== Segment start ==

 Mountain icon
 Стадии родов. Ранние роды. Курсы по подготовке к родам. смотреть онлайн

== Segment end ==
== Segment start ==

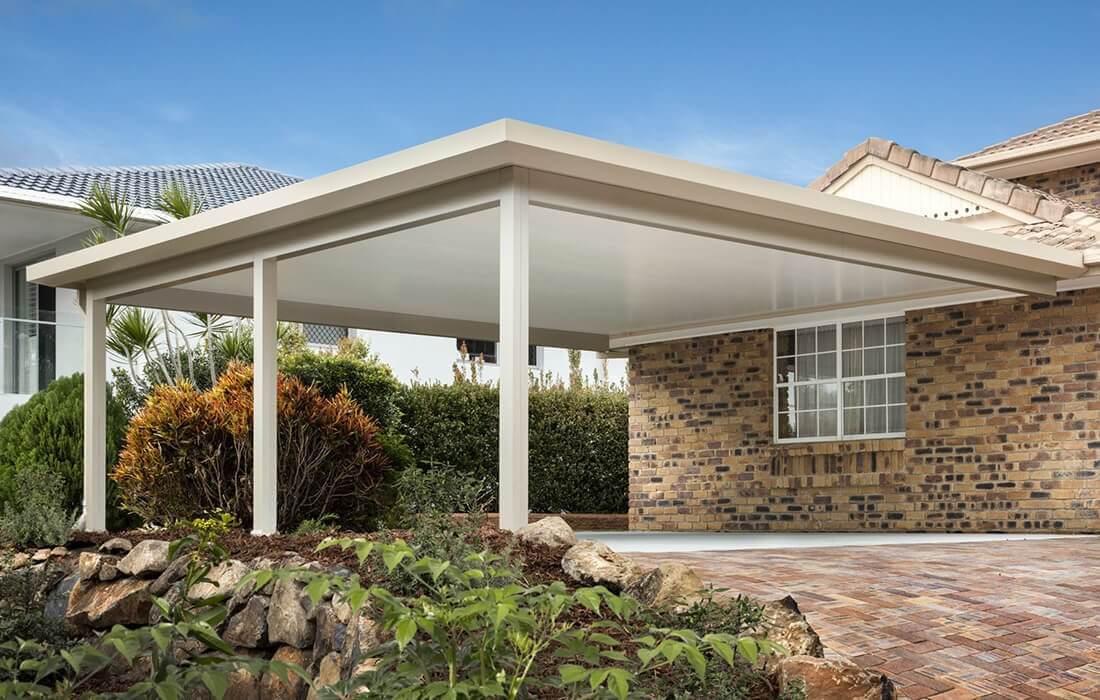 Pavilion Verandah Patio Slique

== Segment end ==
== Segment start ==

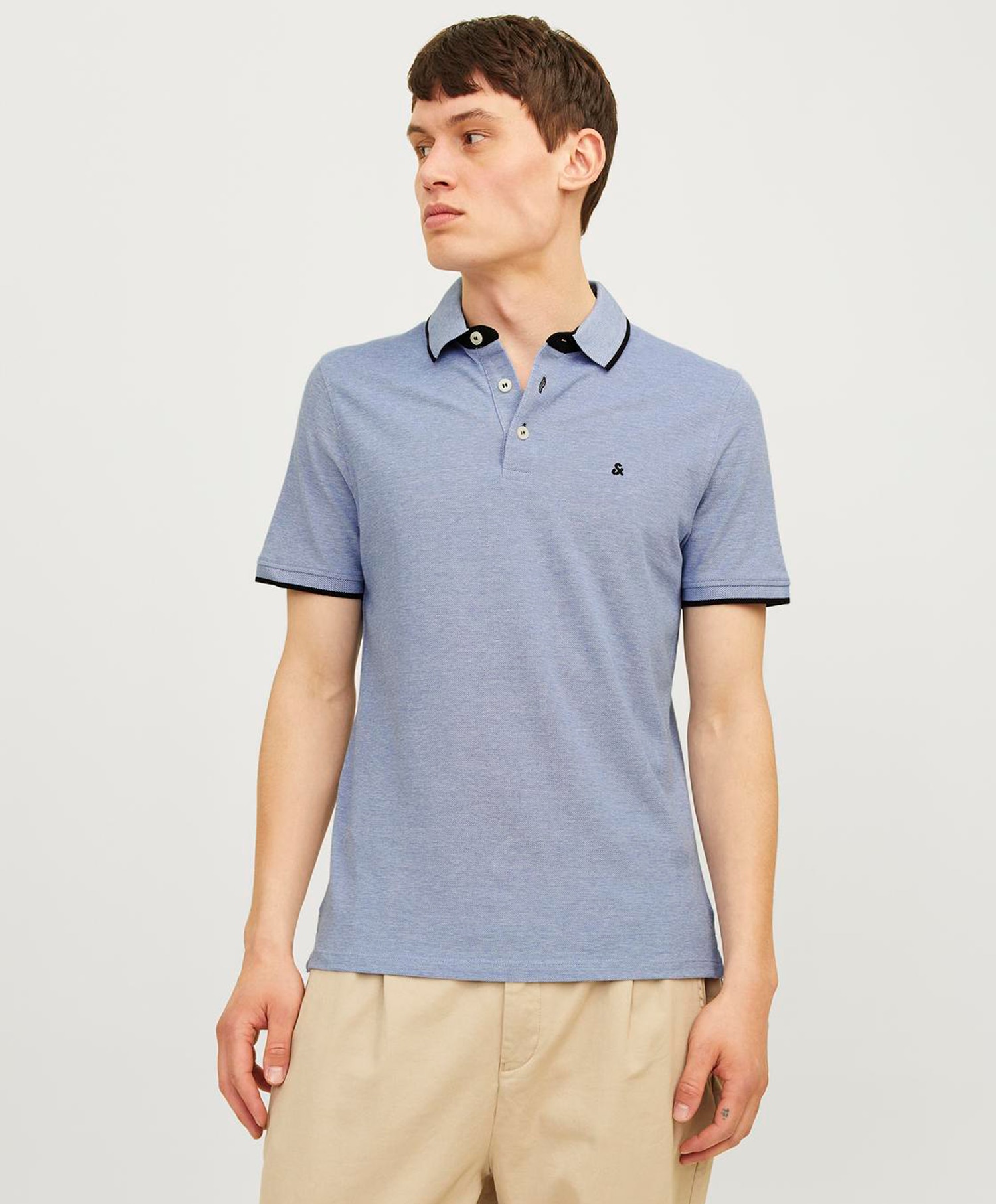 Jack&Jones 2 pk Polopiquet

== Segment end ==

> What needs to be done: Reproduce only the lines above, starting at the line with "Mountain icon" and ending at the line with "Стадии родов. Ранние", exactly as written.

> Exercise result:
 Mountain icon
 Стадии родов. Ранние роды. Курсы по подготовке к родам. смотреть онлайн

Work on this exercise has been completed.